Wednesday, June 17, 2026

People still read books, you say?

 During the fair weather this week I have been reading The Iliad in Emily Wilson's translation on the front porch. 

My interest in Wilson's translation was piqued by ill-informed criticism of her work online and further stimulated by reading David Stuttard's Hubris: Pericles, the Parthenon, and the Invention of Athens, part art history and part political and cultural history. 

So to Wilson's Iliad: Fifty pages of introduction (much of it familiar), an explanation of her approach as translator, a formidable apparatus of informative endnotes, and 600 pages of iambic pentameter verse. It is a surprisingly fluid read. (Some years ago I started Robert Fitzgerald's translation but ground to a halt.) Though the occasional word choice sounds prosaic, the extended metaphors and repeated titles and phrasing keep the music. The violence and brutality come through with impact. I am half a dozen books in and eager for more. 

Each translation of Homer fits its time--think of Alexander Pope rendering The Iliad in rhymed couplets--and Wilson's seems to match ours. 

So why, at seventy-five, am I finally picking up Homer? 

First, do not be deceived by the way people talk in English department graduate lounges; nobody has read all the great books, and everybody is faking it. We pick up allusions and quotations in other works, acquiring an acquaintance that is no more than a shallow literacy. 

But the great books are there, to be picked up and savored whenever it occurs to us to look into them.
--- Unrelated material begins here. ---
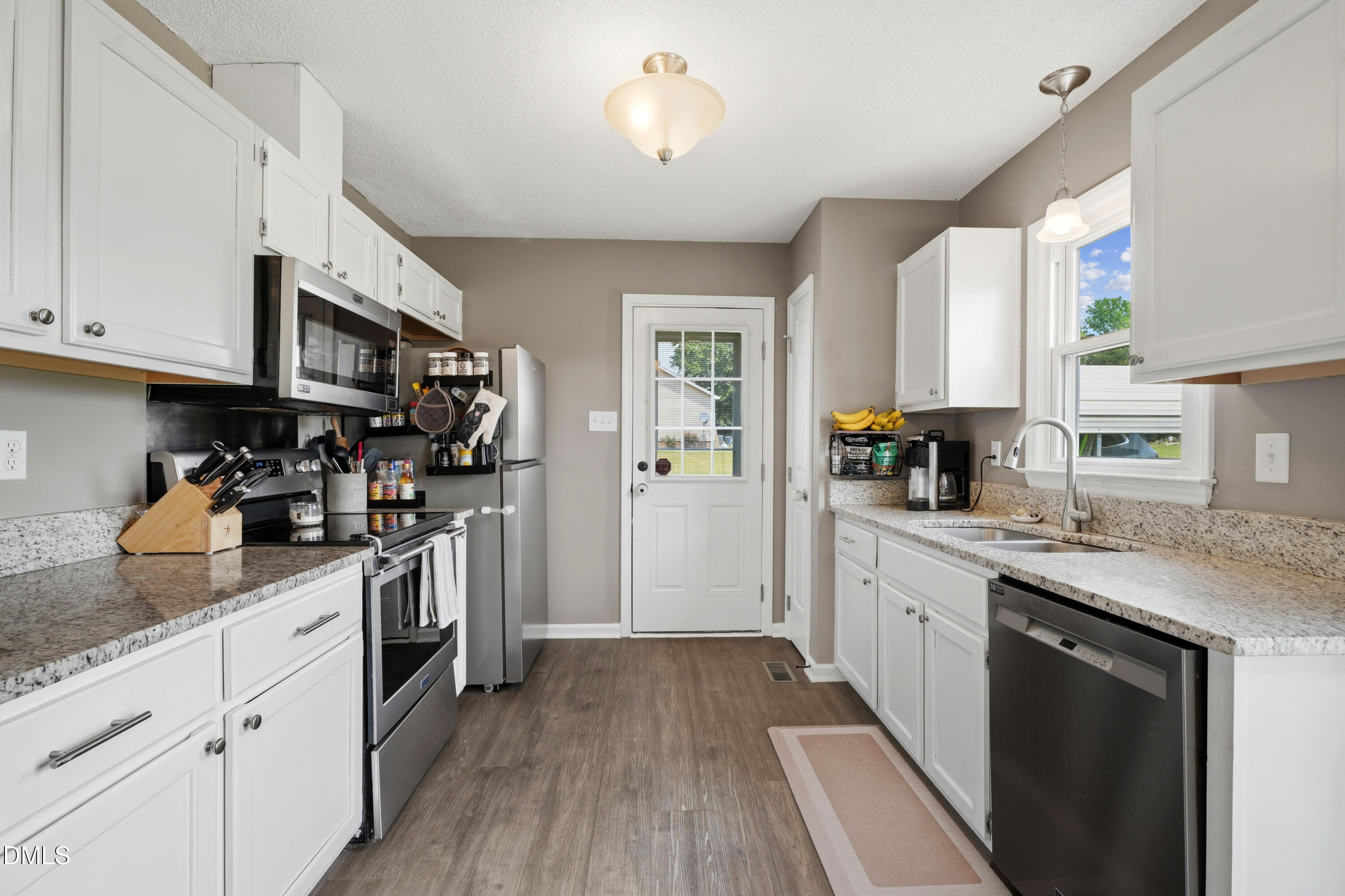 101 Stephenson Road Benson, NC 27504 - Photo 9 of 29 a kitchen with stainless steel appliances granite countertop a refrigerator a sink dishwasher a stove and white countertops with wooden floor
And at seventy-five: Franklin Roosevelt paid a courtesy call on Oliver Wendell Holmes and found the ninety-two-year-old reading Plato. "Why are you reading Plato, Mr. Justice?" he asked. "To improve my mind, Mr. President," Holmes answered. I am largely on the shelf, retired, doing a little occasional copy editing for The Baltimore Banner, but no longer teaching, no longer conducting workshops on editing, no longer hiring and supervising other editors--past it, as the British say. Even so, my mind remains, still subject to improvement, and my curiosity is not extinguished. 

6 comments:

  1. I am currently reading "A Thousand Ships" by Natalie Haynes, which retells the Trojan War from the women's perspective. It's wonderful.

    ReplyDelete
  2. I'm about 30 pages into the hefty, three-volume "Kristin Lavransdatter" by Sigrid Undset. We'll see how far I get.

    ReplyDelete
    Replies
    1. There's apparently one translation people prefer, by Tiina Nunnally. I gave up on it, but it was a pretty ambitious read for me.

      Delete
  3. Yes (@Craig), Haynes is excellent. Haven't tried the Wilson Homer yet, but have somehow managed to get the impression that she's equal to all the idiotic blatherings about her work.

    ReplyDelete
  4. I was a graduate student in classics for many years and have read both The Iliad and The Odyssey in Greek. Richmond Lattimore’s translations are the most literal. Very readable and great when I got stuck translating a passage from the Greek. Robert Fagles’ translations are excellent and were the rave beginning in the 90s. Fitzgerald came to read at my university in the early 80s. His translations are insufferable. When my son was in high school, that was what they were going to read. I intervened and the school district sprung for Fagles. I could not have my child hate Homer off the bat!

    I did not love Wilson’s Odyssey, but I respect what she was doing. I might give it another go.

    I used to read the opening in different translations to the classes I taught of both The Iliad and the Odyssey. The students were astounded by the variation.

    The three books I would take to a desert island: The Iliad, The Odyssey, and Virgil’s Aeneid (in English, my Greek and Latin skills are not what they were). I reread at least one of the epics every year. They never grow old.

    ReplyDelete
  5. Love this blog and post. But FDR died at age 63. Maybe I misunderstood the post, though.